Welcome back to my Blog Forum! Today’s blog tackles a new environmental problem: land degradation. Before delving into this particular challenge, I want to emphasise that climate change and environmental degradation constitute spheres that require emergency response from all actors if human populations and biodiversity are to flourish and thrive in the future. This is why today’s blog post is dedicated to an investigation into the lack of effectiveness that characterises land degradation governance despite the threat that land degradation represents.

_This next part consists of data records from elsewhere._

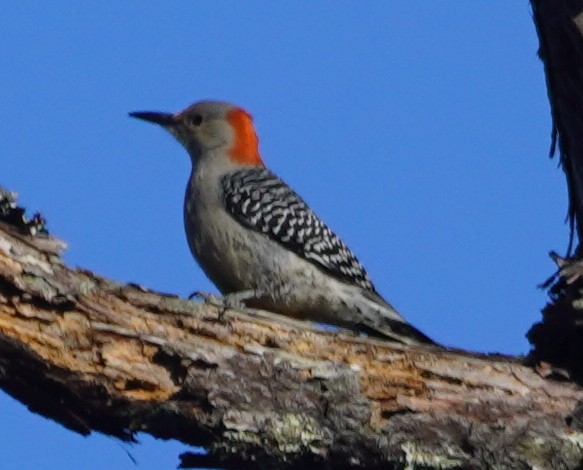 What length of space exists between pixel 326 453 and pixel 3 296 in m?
1.35

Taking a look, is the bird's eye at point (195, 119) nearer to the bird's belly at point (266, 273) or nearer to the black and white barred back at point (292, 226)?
the black and white barred back at point (292, 226)

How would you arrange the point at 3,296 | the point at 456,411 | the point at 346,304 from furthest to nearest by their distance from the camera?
the point at 346,304, the point at 456,411, the point at 3,296

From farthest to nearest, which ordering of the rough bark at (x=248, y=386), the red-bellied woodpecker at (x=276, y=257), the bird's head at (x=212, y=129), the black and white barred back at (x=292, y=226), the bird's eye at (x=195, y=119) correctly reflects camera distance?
the bird's eye at (x=195, y=119), the bird's head at (x=212, y=129), the black and white barred back at (x=292, y=226), the red-bellied woodpecker at (x=276, y=257), the rough bark at (x=248, y=386)

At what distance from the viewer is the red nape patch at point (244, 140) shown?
28.9 ft

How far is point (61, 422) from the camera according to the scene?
4859 millimetres

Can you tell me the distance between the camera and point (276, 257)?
24.3 feet

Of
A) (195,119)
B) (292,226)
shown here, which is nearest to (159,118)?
(195,119)

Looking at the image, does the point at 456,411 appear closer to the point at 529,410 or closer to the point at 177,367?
the point at 529,410

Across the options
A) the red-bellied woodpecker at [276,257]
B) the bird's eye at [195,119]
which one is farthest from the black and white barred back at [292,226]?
the bird's eye at [195,119]

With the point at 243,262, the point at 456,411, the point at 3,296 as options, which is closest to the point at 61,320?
the point at 3,296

Why, you might wonder, this focus on land degradation? As stated by the United Nations Convention to Combat Desertification (UNCCD), land represents “the foundation of our societies.” Land is a natural water filter mechanism, it provides homes to our populations and ways of transport, allows for the insurance of food security and energy intakes, and is our “engine” for economic growth (UNCCD, n.d.). Despite the value of land for the world’s livelihoods, 24 billion tons of fertile soil, and 13 million hectares of forest are lost each year (UNCCD, n.d.). This is largely due to human activities, such as deforestation, logging, soil nutrient mining, cultivation on slopes, and pollution (Clingendael 2014). But land degradation also occurs because of consumption pattern shifts – particularly: shifts to diets rich in dairy and meat – owing to high incomes and the rise of emerging economies (Clingendael 2014). Land degradation adversely affects human food security and livelihoods, as well as biodiversity conservation.


Because of these trends and the contemporary loss of land's social and economic value, this blog post is dedicated to an analysis of the biggest challenge faced by international institutional governance in addressing the environmental problem of land degradation: a lack of effectiveness due to international regime complexity as a result of overlapping institutions.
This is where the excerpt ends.